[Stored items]

"""

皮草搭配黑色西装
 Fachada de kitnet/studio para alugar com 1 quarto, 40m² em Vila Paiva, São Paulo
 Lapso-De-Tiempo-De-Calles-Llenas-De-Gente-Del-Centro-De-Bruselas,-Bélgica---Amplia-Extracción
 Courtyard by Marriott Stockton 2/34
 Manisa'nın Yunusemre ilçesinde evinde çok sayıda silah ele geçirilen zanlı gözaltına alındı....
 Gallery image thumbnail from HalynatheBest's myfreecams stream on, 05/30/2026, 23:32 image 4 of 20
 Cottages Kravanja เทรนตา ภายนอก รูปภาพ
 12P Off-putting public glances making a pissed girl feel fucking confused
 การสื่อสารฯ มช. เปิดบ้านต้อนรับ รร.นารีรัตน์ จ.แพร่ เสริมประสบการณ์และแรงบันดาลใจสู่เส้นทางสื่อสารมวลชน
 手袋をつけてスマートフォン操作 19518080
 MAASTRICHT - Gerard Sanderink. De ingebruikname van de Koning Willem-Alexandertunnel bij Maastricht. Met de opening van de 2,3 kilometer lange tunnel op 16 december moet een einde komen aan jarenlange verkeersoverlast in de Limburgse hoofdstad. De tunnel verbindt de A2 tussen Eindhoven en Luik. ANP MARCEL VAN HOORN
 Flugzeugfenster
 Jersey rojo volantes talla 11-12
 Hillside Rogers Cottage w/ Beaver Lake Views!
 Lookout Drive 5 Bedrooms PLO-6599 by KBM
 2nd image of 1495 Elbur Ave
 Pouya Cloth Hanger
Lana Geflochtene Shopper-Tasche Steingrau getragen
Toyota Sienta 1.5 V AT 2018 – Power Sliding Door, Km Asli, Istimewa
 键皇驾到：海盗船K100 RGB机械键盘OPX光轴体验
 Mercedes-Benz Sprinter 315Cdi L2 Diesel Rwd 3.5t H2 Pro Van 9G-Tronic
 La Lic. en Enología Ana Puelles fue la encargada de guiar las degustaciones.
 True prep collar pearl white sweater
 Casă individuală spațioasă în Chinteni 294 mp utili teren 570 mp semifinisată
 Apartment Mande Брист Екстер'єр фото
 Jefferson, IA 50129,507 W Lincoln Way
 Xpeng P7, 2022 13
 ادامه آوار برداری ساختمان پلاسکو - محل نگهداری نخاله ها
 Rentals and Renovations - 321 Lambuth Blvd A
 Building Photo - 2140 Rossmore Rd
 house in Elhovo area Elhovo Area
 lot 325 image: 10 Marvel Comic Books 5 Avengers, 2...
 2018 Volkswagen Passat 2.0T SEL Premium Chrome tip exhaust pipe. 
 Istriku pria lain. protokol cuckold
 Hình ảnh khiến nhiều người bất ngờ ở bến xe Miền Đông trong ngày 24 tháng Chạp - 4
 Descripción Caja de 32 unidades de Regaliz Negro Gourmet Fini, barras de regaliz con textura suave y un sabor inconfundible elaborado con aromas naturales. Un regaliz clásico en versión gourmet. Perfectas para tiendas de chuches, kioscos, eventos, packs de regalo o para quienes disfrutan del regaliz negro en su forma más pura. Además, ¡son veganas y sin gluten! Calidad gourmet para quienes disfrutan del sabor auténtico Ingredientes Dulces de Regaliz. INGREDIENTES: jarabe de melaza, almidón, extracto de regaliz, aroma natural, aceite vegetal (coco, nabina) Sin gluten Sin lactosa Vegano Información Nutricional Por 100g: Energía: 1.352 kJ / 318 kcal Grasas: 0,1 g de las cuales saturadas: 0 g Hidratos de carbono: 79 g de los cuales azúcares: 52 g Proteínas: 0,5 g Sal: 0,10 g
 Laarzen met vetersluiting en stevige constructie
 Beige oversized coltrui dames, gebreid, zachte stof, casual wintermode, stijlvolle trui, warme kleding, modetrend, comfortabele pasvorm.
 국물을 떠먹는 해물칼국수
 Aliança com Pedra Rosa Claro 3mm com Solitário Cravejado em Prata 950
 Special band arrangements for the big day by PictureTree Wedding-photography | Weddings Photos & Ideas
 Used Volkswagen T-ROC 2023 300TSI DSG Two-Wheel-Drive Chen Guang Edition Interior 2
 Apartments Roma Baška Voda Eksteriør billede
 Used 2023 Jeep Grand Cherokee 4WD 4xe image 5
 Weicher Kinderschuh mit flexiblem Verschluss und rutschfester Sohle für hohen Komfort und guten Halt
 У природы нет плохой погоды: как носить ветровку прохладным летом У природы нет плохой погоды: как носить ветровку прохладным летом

"""

_TASK REQUIREMENTS_
The required output is every line above that contains the string "image".

_WRITTEN SOLUTION_
 Gallery image thumbnail from HalynatheBest's myfreecams stream on, 05/30/2026, 23:32 image 4 of 20
 2nd image of 1495 Elbur Ave
 lot 325 image: 10 Marvel Comic Books 5 Avengers, 2...
 Used 2023 Jeep Grand Cherokee 4WD 4xe image 5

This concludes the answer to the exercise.